YouTube entry: Rosettia video

rosettia-quy-gspo-nllb13b-merged (Spanish → Chanka/Ayacucho Quechua)

Standalone merged NLLB-200-1.3B fine-tuned with GSPO reinforcement learning for spa→quy. This is facebook/nllb-200-1.3B with the GSPO LoRA merged in — load directly, no PEFT needed.

ChrF 45.53 (w0), standalone, AmericasNLP 2021 spa→quy test. Full results, figures, scorecard, methodology, and honest caveats (which number is pre-registered vs best-found) are in the adapter repo: https://huggingface.co/Thermostatic/rosettia-quy-gspo-nllb13b-lora

Usage

import torch
from transformers import AutoTokenizer, AutoModelForSeq2SeqLM
tok = AutoTokenizer.from_pretrained("Thermostatic/rosettia-quy-gspo-nllb13b-merged", src_lang="spa_Latn", tgt_lang="quy_Latn")
m = AutoModelForSeq2SeqLM.from_pretrained("Thermostatic/rosettia-quy-gspo-nllb13b-merged", torch_dtype=torch.bfloat16).cuda().eval()
bos = tok.convert_tokens_to_ids("quy_Latn")
enc = tok("No se por que sucedio eso.", return_tensors="pt").to("cuda")
print(tok.batch_decode(m.generate(**enc, forced_bos_token_id=bos, num_beams=5, max_new_tokens=128), skip_special_tokens=True)[0])
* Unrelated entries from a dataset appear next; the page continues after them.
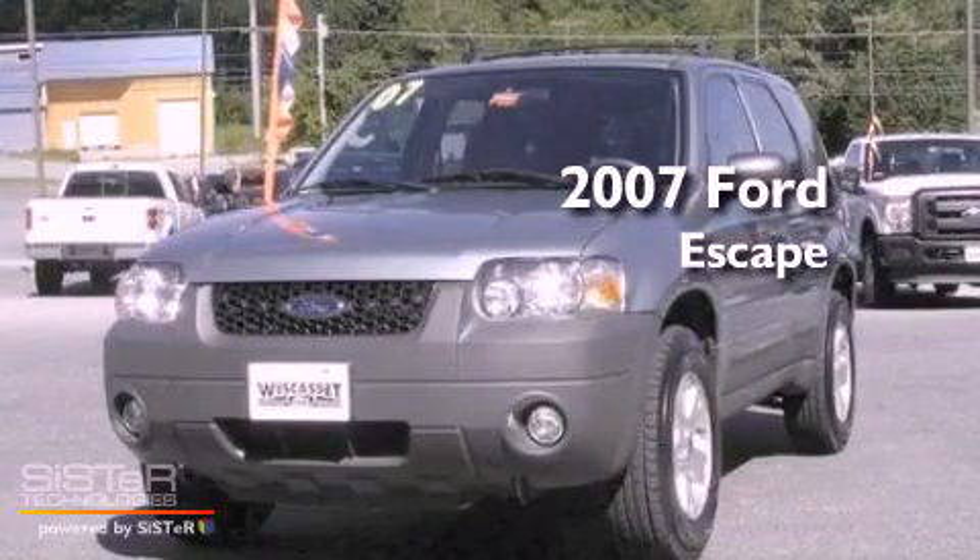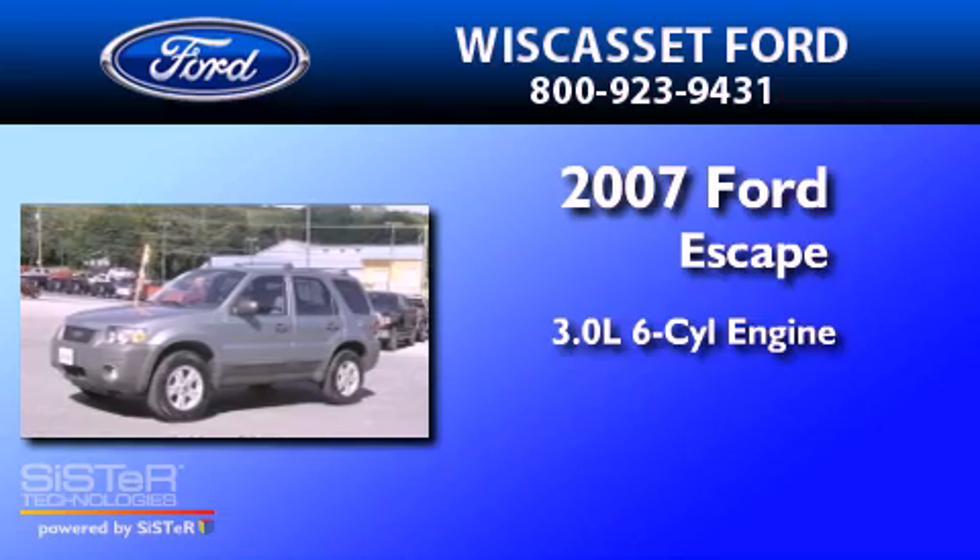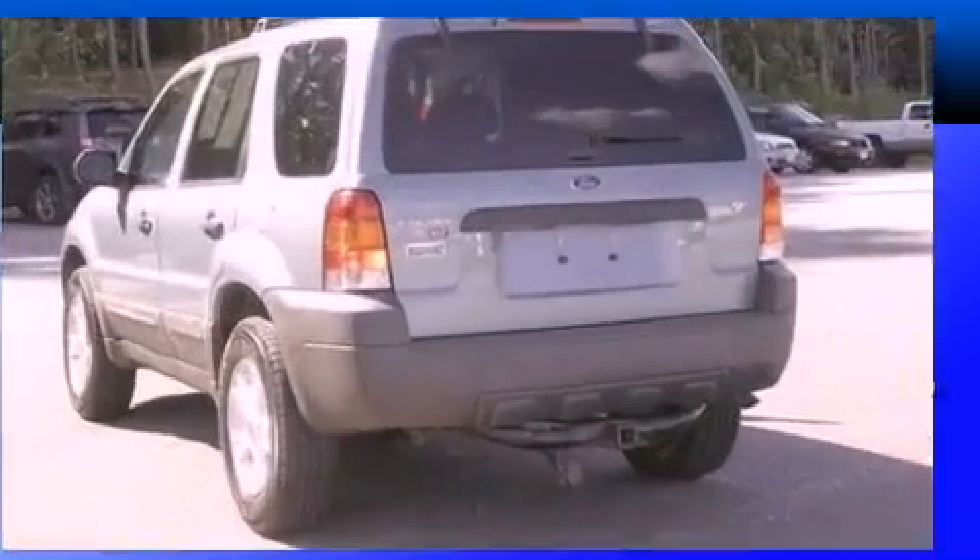This is a 2007 Ford Escape. It features a 3.0-liter, six-cylinder engine, a four-speed automatic transmission, and four-wheel drive.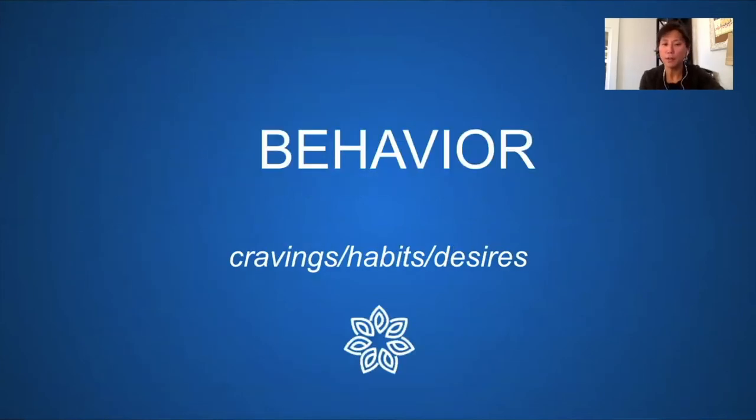Then we come to behavior — why can't we change even when we know something is bad for us? Are we controlled by our cravings, habits, and desires so that we can't change our behavior? About 95% of all that we think, feel, and learn is happening without our conscious awareness, and that is where our behavioral resistance lives.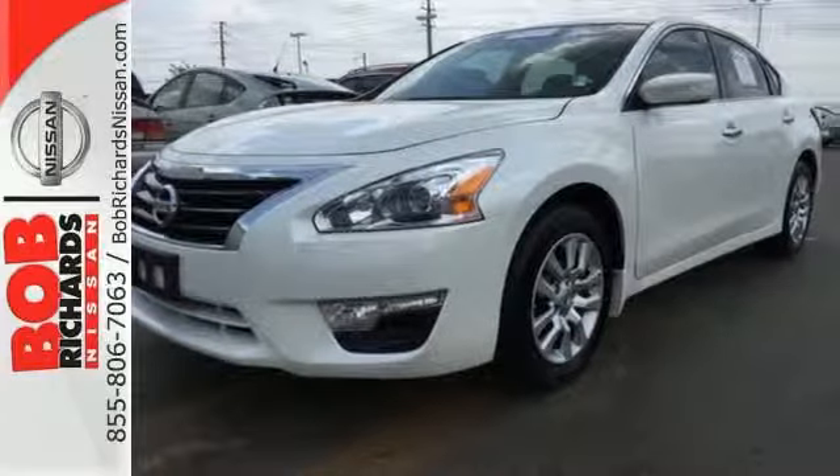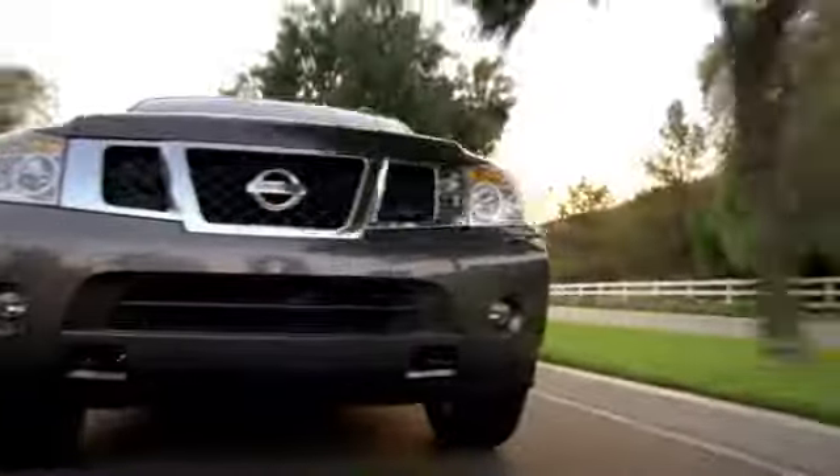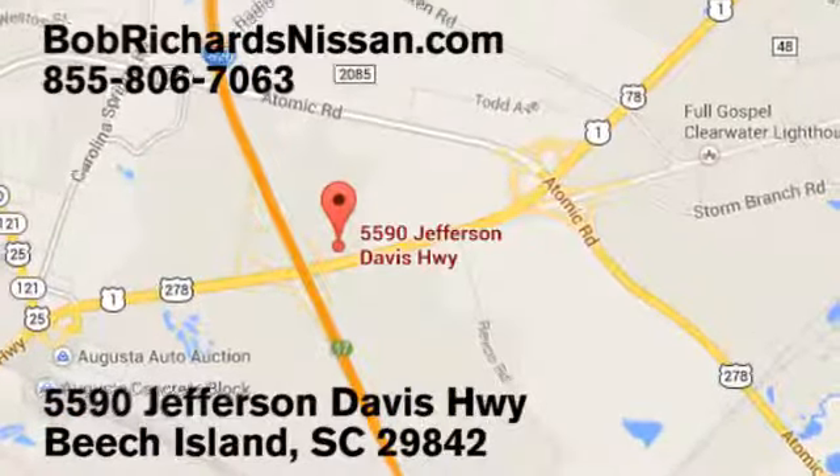Check it out today. Bob Richards Nissan is the area's number one volume dealer for new Nissans. Come see us today at 5590 Jefferson Davis Highway in Beach Island, South Carolina.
Research-grade; single-benchmark single-reference ChrF; no human evaluation. See the adapter repo for limitations.

Authors & contributions

A two-person SomosNLP hackathon project:

  • Estefanía Espinosa Fernández — data curation, and the initial Qwen3.5 LoRA experiments (comparing DoRA, rsLoRA and LoRA, and exploring data mixes).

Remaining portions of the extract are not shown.